Kentucky lawmakers have broken their stalemate over congressional redistricting, passing a bill which redraws the boundaries of the state’s six districts.
“This is redistricting gone wild,” said Senator Tom Buford, R-Nicholasville, one of seven Republicans to vote no in a 29-7 decision in the Kentucky Senate.
Buford said the deal was gerrymandering to help the state’s five incumbent U.S. Representatives. “We just gave them a free seat to Congress,” claimed Buford. “The election is over."
But, the broker of the compromise said it keeps the dispute over congressional redistricting out of the courts. "It's our plan, we haven't abrogated our responsibility to anybody,” Senator Tom Jensen, R-London, said.
"This is a plan that's not about one Congressman, nor is it even about six Congressmen,” said Senator R.J. Palmer, D-Winchester, the minority floor leader. “This is the plan that shows that this process can work."
The new lines shift central Kentucky’s 6th Congressional district, currently served by Democrat Ben Chandler, northeastward. The shift moves part of Jessamine County out of the Bluegrass into the 2nd district, which is currently served by a Republican from Bowling Green, Brett Guthrie. Mercer, Garrard and Boyle Counties are also slid into the 2nd.
"We decimated the Bluegrass area as we know it,” said Senator Alice Kerr, R-Lexington. She was one of four GOP Senators from central Kentucky to vote against the new map.
"Ben Chandler's fingerprints are all over this map,” claimed Senator Damon Thayer, R-Georgetown.
"The Ben Chandler life time employment act,” Kerr said.
“I think he is afraid of his liberal, pro Obama, pro Pelosi voting record and he wants some different counties to make his case to,” said Thayer.
Chandler issued a statement late Friday calling passage of the bill “good news,” noting the new map “passed with bi-partisan support.”
Republican Andy Barr, who lost to Chandler in a close race two years ago and is, seeking the GOP nomination to challenge the Congressman again, claimed in a statement that Chandler cut “a backroom deal.”

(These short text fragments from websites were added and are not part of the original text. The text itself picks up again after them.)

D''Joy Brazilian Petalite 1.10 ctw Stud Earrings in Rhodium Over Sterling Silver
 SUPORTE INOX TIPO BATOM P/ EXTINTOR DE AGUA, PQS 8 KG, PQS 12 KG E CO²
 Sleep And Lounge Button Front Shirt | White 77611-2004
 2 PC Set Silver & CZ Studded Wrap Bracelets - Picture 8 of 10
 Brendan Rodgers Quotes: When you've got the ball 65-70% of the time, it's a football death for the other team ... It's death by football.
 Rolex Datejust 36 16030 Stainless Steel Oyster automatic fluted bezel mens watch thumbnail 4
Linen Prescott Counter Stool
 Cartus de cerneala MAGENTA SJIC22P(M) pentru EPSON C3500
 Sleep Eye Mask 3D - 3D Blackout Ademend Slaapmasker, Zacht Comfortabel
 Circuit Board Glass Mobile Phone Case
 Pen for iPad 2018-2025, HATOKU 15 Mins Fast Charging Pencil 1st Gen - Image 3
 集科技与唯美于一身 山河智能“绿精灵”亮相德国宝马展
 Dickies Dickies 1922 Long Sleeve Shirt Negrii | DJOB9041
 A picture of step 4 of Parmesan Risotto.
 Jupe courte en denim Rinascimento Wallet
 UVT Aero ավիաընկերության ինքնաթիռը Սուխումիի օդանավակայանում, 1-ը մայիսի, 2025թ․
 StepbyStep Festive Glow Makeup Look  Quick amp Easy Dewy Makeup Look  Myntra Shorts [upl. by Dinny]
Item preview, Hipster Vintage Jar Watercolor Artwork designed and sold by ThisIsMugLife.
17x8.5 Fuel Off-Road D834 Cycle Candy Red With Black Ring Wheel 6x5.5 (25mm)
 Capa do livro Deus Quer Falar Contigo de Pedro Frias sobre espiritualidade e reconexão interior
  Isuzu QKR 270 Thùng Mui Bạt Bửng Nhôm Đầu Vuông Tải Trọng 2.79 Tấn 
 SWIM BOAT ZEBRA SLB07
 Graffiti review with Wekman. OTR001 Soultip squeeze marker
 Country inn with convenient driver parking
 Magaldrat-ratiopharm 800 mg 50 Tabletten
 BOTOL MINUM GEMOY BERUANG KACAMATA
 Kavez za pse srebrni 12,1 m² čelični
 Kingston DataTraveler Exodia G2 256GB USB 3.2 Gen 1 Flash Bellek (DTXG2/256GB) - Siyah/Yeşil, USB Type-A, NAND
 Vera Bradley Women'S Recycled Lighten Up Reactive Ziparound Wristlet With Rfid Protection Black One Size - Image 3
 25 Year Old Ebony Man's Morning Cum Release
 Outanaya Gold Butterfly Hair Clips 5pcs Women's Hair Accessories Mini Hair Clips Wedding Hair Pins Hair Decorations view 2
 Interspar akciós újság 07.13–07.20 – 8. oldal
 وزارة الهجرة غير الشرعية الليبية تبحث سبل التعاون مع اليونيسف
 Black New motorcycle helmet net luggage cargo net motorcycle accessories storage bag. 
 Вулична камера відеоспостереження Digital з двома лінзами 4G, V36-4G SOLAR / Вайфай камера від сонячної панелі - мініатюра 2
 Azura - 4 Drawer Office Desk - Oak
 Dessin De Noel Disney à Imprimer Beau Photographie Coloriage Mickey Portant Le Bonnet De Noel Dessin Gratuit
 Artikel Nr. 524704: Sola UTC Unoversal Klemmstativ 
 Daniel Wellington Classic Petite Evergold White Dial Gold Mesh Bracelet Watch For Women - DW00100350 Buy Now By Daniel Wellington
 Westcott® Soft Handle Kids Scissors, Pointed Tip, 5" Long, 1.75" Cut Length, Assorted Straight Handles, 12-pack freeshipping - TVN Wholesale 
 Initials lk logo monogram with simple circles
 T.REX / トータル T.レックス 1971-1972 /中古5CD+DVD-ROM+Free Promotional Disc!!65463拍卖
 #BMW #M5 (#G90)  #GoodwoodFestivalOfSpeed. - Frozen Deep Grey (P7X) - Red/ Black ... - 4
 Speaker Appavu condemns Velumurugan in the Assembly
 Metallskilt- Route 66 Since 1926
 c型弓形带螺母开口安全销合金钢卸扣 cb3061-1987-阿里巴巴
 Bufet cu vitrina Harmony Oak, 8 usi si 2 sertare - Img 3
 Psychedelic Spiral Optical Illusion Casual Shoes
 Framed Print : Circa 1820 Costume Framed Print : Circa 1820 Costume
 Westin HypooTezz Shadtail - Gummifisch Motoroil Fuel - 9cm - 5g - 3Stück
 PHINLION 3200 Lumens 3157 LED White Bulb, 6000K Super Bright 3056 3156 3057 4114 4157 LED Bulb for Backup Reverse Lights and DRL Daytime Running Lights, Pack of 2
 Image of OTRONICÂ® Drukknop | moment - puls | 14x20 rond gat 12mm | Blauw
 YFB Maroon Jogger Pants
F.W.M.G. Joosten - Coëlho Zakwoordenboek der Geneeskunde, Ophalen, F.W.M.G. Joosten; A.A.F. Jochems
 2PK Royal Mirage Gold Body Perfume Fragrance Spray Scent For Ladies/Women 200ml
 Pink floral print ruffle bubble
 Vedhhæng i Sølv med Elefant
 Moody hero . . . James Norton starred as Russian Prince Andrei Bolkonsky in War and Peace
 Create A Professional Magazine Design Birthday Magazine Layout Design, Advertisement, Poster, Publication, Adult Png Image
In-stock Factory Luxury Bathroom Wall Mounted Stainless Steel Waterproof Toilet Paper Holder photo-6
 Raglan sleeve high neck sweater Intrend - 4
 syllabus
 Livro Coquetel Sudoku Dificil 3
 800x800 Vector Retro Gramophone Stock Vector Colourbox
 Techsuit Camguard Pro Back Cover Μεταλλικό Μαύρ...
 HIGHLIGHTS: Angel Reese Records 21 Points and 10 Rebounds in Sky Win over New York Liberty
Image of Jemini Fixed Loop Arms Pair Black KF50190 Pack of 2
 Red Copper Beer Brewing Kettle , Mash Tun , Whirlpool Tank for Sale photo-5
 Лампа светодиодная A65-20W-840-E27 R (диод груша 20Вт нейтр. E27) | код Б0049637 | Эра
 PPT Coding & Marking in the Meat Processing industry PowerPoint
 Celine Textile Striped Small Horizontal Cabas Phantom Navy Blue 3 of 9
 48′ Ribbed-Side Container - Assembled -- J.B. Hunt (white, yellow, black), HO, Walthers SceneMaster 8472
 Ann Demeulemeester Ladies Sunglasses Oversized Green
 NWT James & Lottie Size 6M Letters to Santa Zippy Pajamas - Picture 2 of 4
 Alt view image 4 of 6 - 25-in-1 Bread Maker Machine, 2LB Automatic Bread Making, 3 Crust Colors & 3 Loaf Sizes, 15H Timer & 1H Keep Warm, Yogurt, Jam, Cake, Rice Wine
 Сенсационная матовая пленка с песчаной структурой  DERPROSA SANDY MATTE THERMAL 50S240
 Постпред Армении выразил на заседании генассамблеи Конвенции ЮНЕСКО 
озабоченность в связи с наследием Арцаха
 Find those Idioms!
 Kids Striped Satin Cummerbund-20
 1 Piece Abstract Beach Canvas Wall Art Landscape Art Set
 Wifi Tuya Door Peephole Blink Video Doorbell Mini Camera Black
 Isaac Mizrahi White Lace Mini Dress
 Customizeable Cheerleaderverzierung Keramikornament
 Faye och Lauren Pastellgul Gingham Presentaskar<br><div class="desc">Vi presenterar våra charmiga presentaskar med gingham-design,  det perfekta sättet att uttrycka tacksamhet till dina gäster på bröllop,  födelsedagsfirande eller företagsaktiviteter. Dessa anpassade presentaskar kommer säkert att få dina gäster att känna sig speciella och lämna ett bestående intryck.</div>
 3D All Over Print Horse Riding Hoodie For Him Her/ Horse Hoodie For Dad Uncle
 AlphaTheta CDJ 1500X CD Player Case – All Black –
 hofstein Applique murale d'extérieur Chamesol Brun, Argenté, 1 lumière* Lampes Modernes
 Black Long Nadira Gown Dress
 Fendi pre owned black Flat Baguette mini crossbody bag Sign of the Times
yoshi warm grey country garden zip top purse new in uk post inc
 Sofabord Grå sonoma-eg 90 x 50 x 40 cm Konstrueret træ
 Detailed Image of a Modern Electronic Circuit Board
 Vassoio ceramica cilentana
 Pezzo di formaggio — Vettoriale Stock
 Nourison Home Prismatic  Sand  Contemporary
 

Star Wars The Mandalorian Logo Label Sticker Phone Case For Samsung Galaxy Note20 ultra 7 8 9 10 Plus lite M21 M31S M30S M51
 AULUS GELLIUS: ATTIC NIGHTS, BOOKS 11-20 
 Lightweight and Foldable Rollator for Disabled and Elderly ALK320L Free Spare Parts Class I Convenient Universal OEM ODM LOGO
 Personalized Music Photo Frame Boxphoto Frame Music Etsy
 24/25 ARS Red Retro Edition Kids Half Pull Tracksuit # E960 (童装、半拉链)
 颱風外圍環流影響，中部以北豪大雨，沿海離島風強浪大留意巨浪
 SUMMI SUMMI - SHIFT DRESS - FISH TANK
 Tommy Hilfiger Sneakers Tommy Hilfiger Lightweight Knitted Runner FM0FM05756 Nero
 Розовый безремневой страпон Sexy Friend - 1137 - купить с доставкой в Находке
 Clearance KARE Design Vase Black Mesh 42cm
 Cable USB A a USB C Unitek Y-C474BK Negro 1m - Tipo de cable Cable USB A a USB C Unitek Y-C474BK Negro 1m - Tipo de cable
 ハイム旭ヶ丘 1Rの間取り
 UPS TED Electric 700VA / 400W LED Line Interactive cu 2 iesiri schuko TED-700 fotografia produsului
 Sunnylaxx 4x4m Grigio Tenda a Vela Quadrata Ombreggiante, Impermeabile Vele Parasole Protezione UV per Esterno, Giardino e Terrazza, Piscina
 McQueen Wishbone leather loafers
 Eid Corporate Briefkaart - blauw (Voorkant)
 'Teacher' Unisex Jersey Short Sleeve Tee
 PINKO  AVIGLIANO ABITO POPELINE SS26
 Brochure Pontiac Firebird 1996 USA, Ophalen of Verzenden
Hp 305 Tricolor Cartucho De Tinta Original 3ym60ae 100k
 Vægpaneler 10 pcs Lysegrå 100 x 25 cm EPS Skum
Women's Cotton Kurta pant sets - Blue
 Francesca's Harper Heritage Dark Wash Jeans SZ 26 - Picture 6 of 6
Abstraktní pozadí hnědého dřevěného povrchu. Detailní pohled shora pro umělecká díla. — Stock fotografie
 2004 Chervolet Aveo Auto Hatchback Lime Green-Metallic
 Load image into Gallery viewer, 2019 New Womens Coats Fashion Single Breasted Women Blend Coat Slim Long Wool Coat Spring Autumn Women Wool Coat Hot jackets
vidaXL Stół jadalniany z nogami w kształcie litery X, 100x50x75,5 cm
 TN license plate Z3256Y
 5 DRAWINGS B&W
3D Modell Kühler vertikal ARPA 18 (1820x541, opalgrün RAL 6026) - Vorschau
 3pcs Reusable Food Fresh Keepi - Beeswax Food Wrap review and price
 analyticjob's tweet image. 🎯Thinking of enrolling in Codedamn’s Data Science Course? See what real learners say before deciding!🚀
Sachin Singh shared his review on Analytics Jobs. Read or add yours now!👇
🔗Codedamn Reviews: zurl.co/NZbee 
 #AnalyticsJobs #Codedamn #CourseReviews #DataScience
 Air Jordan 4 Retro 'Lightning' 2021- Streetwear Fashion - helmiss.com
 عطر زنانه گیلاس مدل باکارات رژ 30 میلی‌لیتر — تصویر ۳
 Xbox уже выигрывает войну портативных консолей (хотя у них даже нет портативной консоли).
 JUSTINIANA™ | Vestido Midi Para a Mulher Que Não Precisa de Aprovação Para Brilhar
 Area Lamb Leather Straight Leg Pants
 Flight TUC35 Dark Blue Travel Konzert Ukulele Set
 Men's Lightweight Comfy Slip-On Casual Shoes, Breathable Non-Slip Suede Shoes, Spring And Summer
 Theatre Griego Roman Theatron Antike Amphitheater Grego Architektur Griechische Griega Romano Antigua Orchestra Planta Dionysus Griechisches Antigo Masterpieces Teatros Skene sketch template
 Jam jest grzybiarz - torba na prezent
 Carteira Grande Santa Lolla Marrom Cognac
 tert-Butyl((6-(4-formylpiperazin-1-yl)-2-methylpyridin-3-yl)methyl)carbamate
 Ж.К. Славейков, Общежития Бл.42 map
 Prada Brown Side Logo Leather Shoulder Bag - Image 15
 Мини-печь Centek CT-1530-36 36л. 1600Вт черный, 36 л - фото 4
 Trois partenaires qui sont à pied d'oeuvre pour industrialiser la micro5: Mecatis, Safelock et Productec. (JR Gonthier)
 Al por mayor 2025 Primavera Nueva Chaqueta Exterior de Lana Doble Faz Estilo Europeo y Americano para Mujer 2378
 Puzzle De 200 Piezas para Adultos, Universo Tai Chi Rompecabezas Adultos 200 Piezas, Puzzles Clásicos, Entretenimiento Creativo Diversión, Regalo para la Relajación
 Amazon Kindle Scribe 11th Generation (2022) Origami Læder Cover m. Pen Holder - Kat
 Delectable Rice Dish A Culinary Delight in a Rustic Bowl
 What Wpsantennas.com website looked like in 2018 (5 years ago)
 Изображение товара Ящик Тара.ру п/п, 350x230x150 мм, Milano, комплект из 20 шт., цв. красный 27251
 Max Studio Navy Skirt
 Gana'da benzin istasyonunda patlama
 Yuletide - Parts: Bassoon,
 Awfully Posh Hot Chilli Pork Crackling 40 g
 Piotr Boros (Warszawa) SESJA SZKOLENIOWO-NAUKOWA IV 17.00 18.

In the Kentucky House the compromise passed by a two to one margin. "We have been done wrong,” said Rep. Lonnie Napier, R-Lancaster, about his home county of Garrard County being shifted into a new district.
"Garrard County, Jessamine County have been treated like second class varmints,” Napier said to hoots and hollers in the House chamber.
“It appears we've turned our allegiance to Congress rather than the taxpayers,” said Rep. Stan Lee, R-Lexington.
The filing deadline for Kentucky’s six congressional seats was Tuesday, but the compromise agreement reopens the filing window for five days. Some lawmakers claimed that could open up the law to a challenge in court.